Kevin looked at Mandy as though she had three heads. “What San Francisco? Big nuclear war … well, small nuclear war … real big about three years ago, 2090? You might have noticed it? Made all the headlines?”
Mandy rolled her eyes. “San Francisco is still there, but... think of every dystopian cliché you can think of without throwing in the supernatural or killer robots, and it’s there.”
Kevin opened his mouth, then paused, and closed it. He was about to ask why it would still be there and no one would have noticed by now. But, obviously, Mandy had known. And governments had satellites, so they had to know. But why wouldn't they be rescued?

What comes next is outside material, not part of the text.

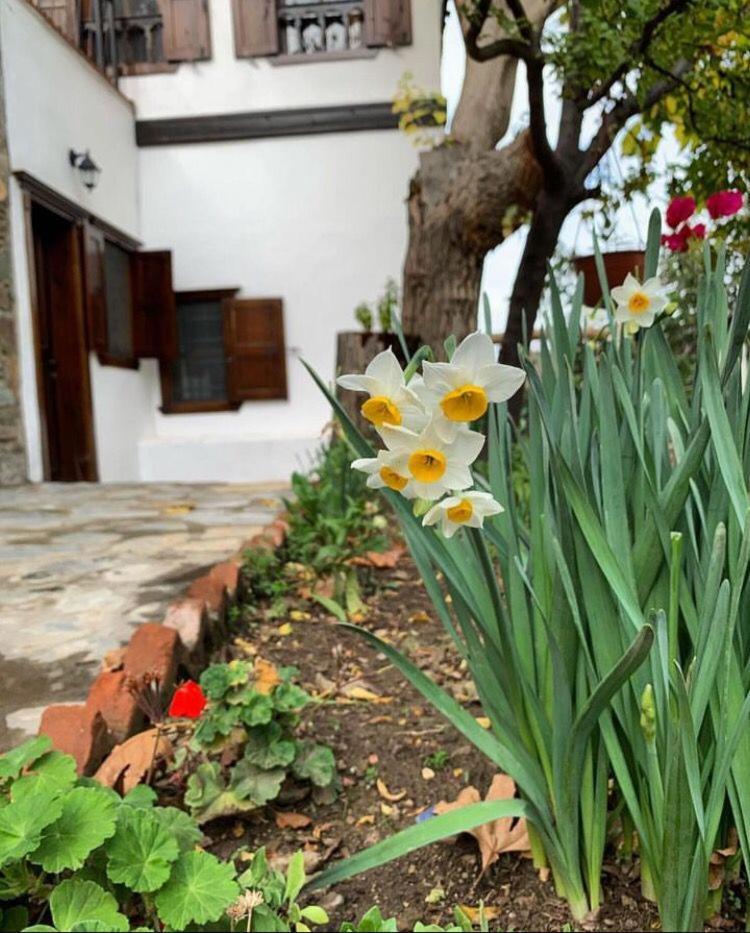 Hotel Sirince Bahce Selcuk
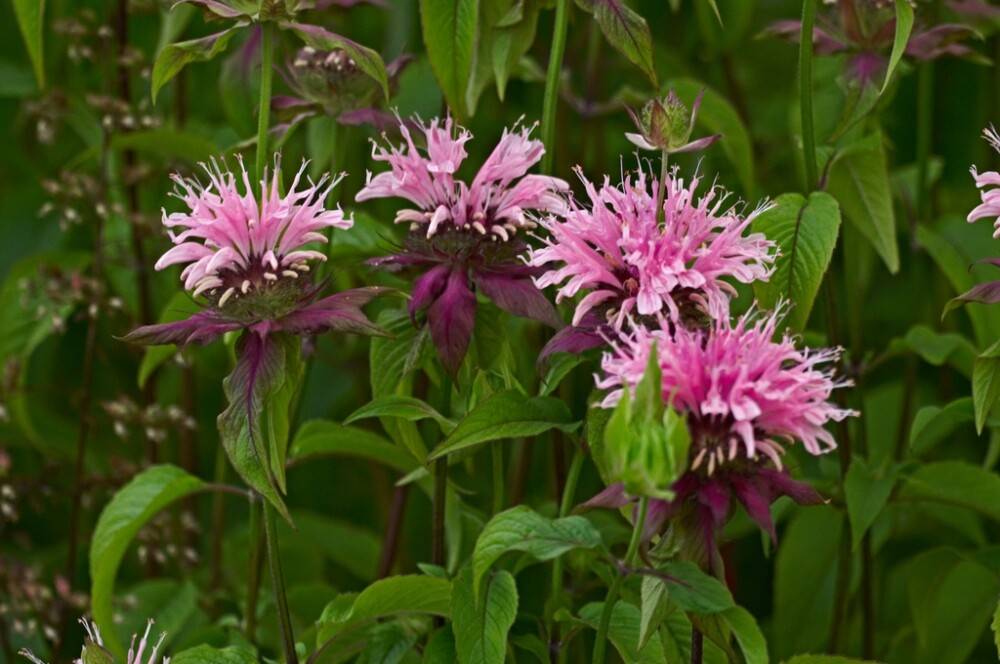 PERENN TEMYNTA COBHAM 6-PACK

Mandy had called it Siberia—instead of having a Gulag to disappear inconvenient political enemies, the U.S.A. had its own city of the disappeared. Which also meant... “How many other countries know about it?”
“All of them,” she answered. “The city is a dumping ground for all manner of refuse. Unfortunately, the people who most belong there are the ones who seem to thrive.”
Kevin arched a brow and leaned forward slightly. “I recall the Mercs had a base around there. A major one, in fact.”
Mandy shrugged. “It’s still there.”
Kevin nodded slowly, pondering what it must have been like. San Francisco had been a city on the edge of utter ruin before the war. The last mayor had not only driven the city into utter bankruptcy, but had mortgaged it to some major corporations. They literally owned it. Some people had initially thought it would be potentially good for the simple reason that private industry could run the city better than the mayor had. Corporations had run several other cities without a problem. For example, Seattle had been taken over in 2070 by a joint Starbucks-Microsoft venture, and there were no problems until it was nuked. Seattle had worked so well, it inspired others.
But San Francisco had not been handed over to the “let's make things better to make better profits” type of businessmen. They were all multinational corporations that had other interests in other parts of the world, and San Francisco looked like a great place to drain resources and funding from. Bleed the city dry, chop it up into areas of influence like some type of British colony, and walk away.